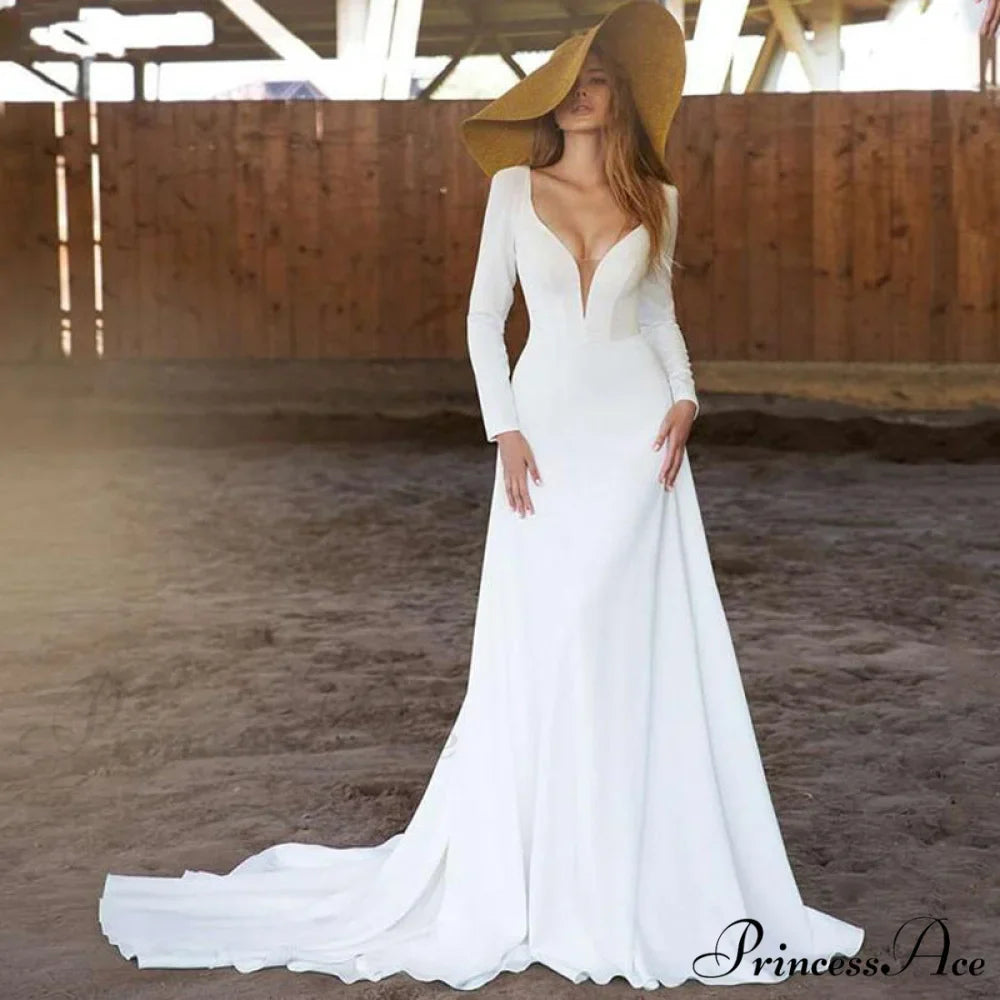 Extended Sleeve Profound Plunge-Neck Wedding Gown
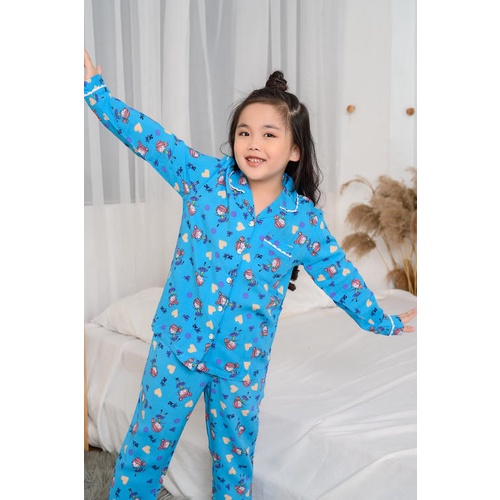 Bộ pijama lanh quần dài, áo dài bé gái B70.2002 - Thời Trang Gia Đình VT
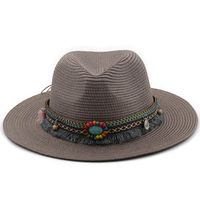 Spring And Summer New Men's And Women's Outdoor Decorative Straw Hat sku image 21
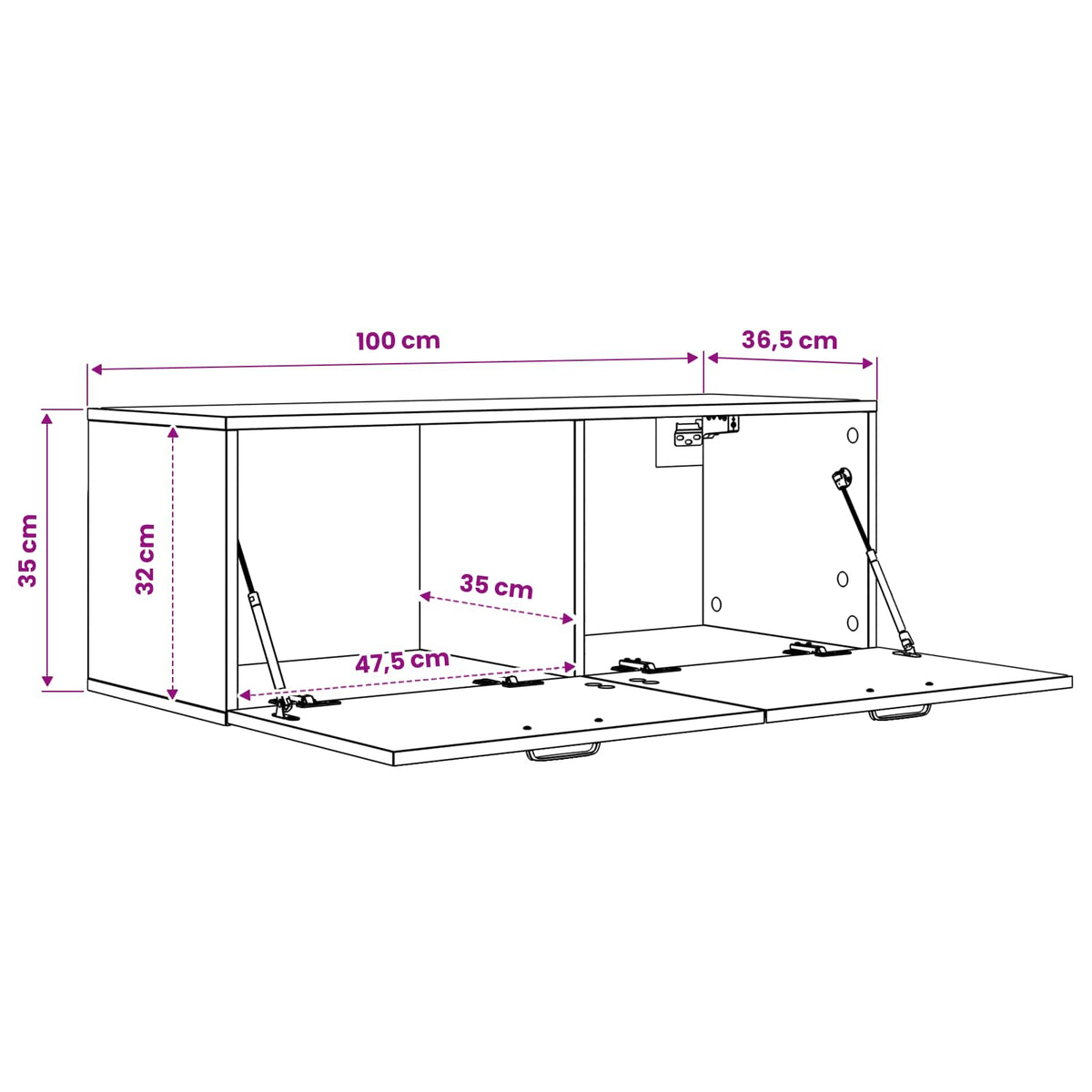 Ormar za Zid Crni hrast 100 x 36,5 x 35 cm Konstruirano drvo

##########

■ Problem description
What this calls for is a word-for-word copy of the listing above, pictures excluded.

■ Response to this task
 Extended Sleeve Profound Plunge-Neck Wedding Gown
 Bộ pijama lanh quần dài, áo dài bé gái B70.2002 - Thời Trang Gia Đình VT
 Spring And Summer New Men's And Women's Outdoor Decorative Straw Hat sku image 21
 Ormar za Zid Crni hrast 100 x 36,5 x 35 cm Konstruirano drvo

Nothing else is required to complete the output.